I find it hard to believe that everyone does  have a phone at age ten (and actually these conversations started best part of a year ago). But, an unscientific straw poll of mums makes it clear that it is surprisingly common in this particular year 5 group, although less so in a nearby school in Wolverton. However, having a phone, ipod or tablet doesn't automatically mean access to social networking. Incidentally, for those that do have an Instagram account, I'm not sure if they have had to lie about their age when setting the account up and whether this has been endorsed by their parents or not.

I suspect that there are some children keeping very quiet when phones and social media are discussed. These kids probably face the harsh reality of parents struggling to get food on the table every day or to replace outgrown shoes, never mind having a spare phone to hand down. They have to make do with what they have in so many ways, a phone is one part of a much bigger aspirational dream not a sole item to focus on. Possibly. I haven't spoken to them to know how it feels, so perhaps a phone or access to Instagram is a massive deal to them too.

But, what I do know is that if you are being told by your peers that you have to get on Instagram to join in the class gossip, then you end up with a longing to be part of the crowd. It is yet one more situation where there is a divide between the haves and the have nots.

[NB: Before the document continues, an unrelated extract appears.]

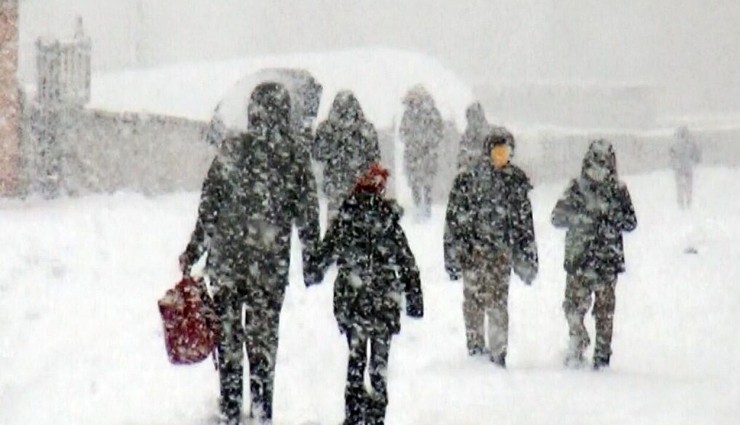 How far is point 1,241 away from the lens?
12852 mm

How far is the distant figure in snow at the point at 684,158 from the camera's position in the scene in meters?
23.9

As a parent this puts you in a tough place.

Many of the kids on Instagram think they are protecting themselves by having private accounts, and certainly this cuts down some of the risks they are exposed to. However, there is no protection from what I see as problems with social media for adults, let alone inexperienced pre-teens.

For example, everyone is having a fantastic time at a party. Except you. You had been feeling a little flat about not having an invitation, but seeing who was there, including people you didn't even really think the host was friends with, and then fun photos they took, feeling a little flat turns into feeling absolutely gutted. Not a biggie? An emotional roller coaster for a sensitive child.

There are many other reasons why social media should be treated with caution: comparing how many followers you have with someone else; how much you expose yourself to negativity of the very worst kind (sickening comments lacking in any ounce of humanity from people hiding behind anonymity); exposure to sexualised content; addiction to being constantly stimulated and connected, forgetting to appreciate what else life has to offer.

Of course there are wonderful things about social media too: creativity, humour, connecting with friends across a distance, finding people with common interests.  You prevent access to all of that while you act in what you believe are the best interests of your child, because the dark side of social media is dark indeed. At the same time you know you are creating a different problem: preventing them from being in the 'in' crowd, turning them into a 'have not'. I do get that, I really do.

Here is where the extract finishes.